I did look at the thing. My, what a tangled web! Lots of errors there, but.... I'm still blocked! Which means I won't waste more time tonight, I can turn of this computer and go to bed. No rush, folks, but ... be careful. The problems I've pointed to at AN/I have to do with people making snap judgments when there is no emergency, assuming good faith without verification when there is a conflict of testimony or a right to a presumption of innocence, that kind of stuff. (i.e., someone makes charges that an editor was engaged in massive copyvio, but does not provide one single diff, and then editors write, "assuming that the charges are true, and I see no reason to assume otherwise, ... sure, topic ban.")

There is no emergency that I'm aware of, here. So take your time, sort it out. And thanks to those who have been helpful here, starting with Fritzpoll, actually, last but not least, and many others who have expressed their support or who have helped me to recognize mistakes. With patience and time and wider understanding of basic policies (IAR, NPOV, AGF, etc.), and some work on structure to make it work better, we can make this a much better place. Good night. --Abd (talk) 03:09, 12 August 2008

There was quite a bit of discussion of what I'd done at AN last night, and, since I wasn't invited to the party, I'll make some comments here, under specific section headers. If anyone thinks that what I write here is worth taking there, they can do it, either by stating the relevant facts or ideas, or by transclusion. I actually prefer this kind of indirect communication, where what someone proposes is reviewed by others before going before a larger group. It is, in fact, the direction that Wikipedia would need to go to survive the challenges of scale. Motion and second, before debate is allowed, standard stuff. Later today or tonight, if I haven't been unblocked anyway, I plan to put together an unblock request. Before that template is completed, I may draft it here, and comment would be welcome before it is actually submitted. Thanks. --Abd (talk) 13:54, 12 August 2008 (UTC)

Following up

Re a comment you made about a possible article chairpersonship at the Barack Obama article: I've made a proposal that it -- maybe -- be considered. Is there anywhere you know of where I could read about such a thing/observe it in practice? Thx.   Justmeherenow (  ) 21:29, 6 August 2008 (UTC)

Hasn't been done on Wikipedia as far as I know. It's a classic solution though. I'd consider having more than one "chair." The need arises if the article is protected, as seems likely. If it is protected, how do changes get made. In order to judge whether there is consensus for a change, an administrator needs to review the discussion, and, if there isn't unanimity, it can become quite a chore, and administrators make mistakes in such judgments if they are unfamiliar, and they make a different kind of mistake when they are familiar, which often means that they have become involved.

Having a single administrator supervise the article, which is how it's done sometimes, causes that admin to become familiar with the issues and quite frequently results in some kind of bias.

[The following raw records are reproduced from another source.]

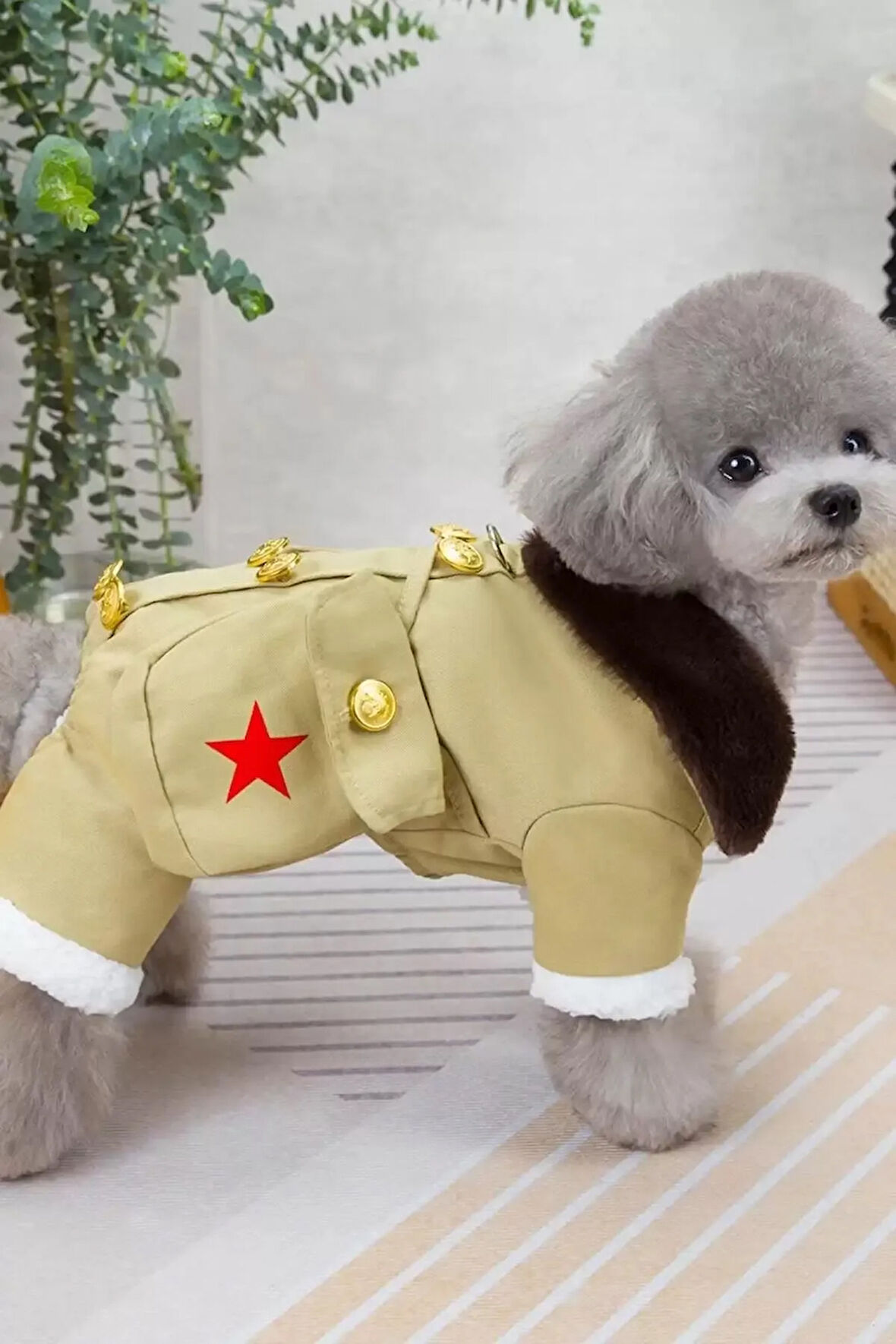 Caş Dekorasyon Bej Renk Çantalı Peluş Astarlı XL Köpek Tulum/Mont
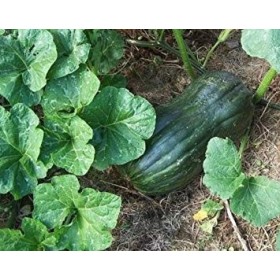 SANHOC Graines emballage: frais Heirloom Italie Lunga di Napoli Naples long citrouille 20 graines courge dhiver Grand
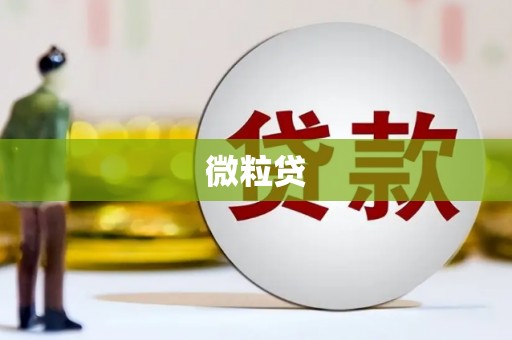 元长微粒贷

So this would use classical organizational techniques to create a means whereby the editors working on the article would go through an intermediary -- or intermediaries -- in requesting changes. The attempt would be made to identify and recognize editors who are trusted by involved editors as being likely to be fair. These would be involved editors, they wouldn't be "neutral", necessarily. What they would do is to judge when sufficient consensus has been attained that a change to the article should be requested. A relationship would be developed between this chair or these chairs and administrators, such that, while the administrator would review the proposed change before making it, it needn't be such a deep review, and it is less likely to err in judging consensus.

This wouldn't take away any existing rights, though it might divert some channels a little. Basically, a requested change from an editor where there has been some formal expression of general trust might be able to be implemented more efficiently.

Existing consensus process on Wikipedia can be murderously inefficient, it's a problem which was solved hundreds of years ago with the development of parliamentary procedure, which is often mistaken for "majority rule." --Abd (talk) 21:59, 6 August 2008 (UTC)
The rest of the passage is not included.